Donohue et al[8] performed a review and marked stabilization through repair of the lateral and medial complexes as the ideal treatment while protecting with external fixation obtaining good results; however, in their report, the patients did not present extensive chondral lesions.

We are aware that our study presents limitations in terms of the number of cases, as well as not assessing the periarticular muscle strength (biceps, triceps, flexors, and wrist extensors) in an objective manner that is feasible to add to new studies.

Our work, compared with what is reported in the literature, presents a substantial contribution by including the epitrochlear neocoronoids and physiotherapy earlier.
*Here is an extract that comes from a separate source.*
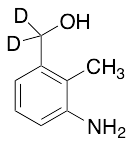 3-Amino-2-methyl-benzyl-d2 Alcohol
In addition to evaluating joint congruence, clinical and subjective data of instability, ranges of motion, and stratifying through functional scales provide adequate support for the implementation of this subsequent procedure (Figure 5).

Figure 5

Follow-up at 18 months. A and B, Postsurgical AP and lateral radiographic view of our patient. C–F, Range of motion of our patient at the final follow-up.

In chronic dislocations, it continues being a challenge to achieve adequate management while preserving stability and ranges of motion.

In our presented series, interposition arthroplasty with neocoronoids performed methodically demonstrated to be an excellent treatment option for patients with untreated chronic dislocation of the elbow.

When compared with other series reported in the literature, the range of motion obtained in our patients complies satisfactorily both clinically and in MEPS and QuickDASH assessments.

A major series and a comparative study are required to demonstrate the effectiveness of neocoronoids in the treatment of untreated chronic dislocation of the elbow.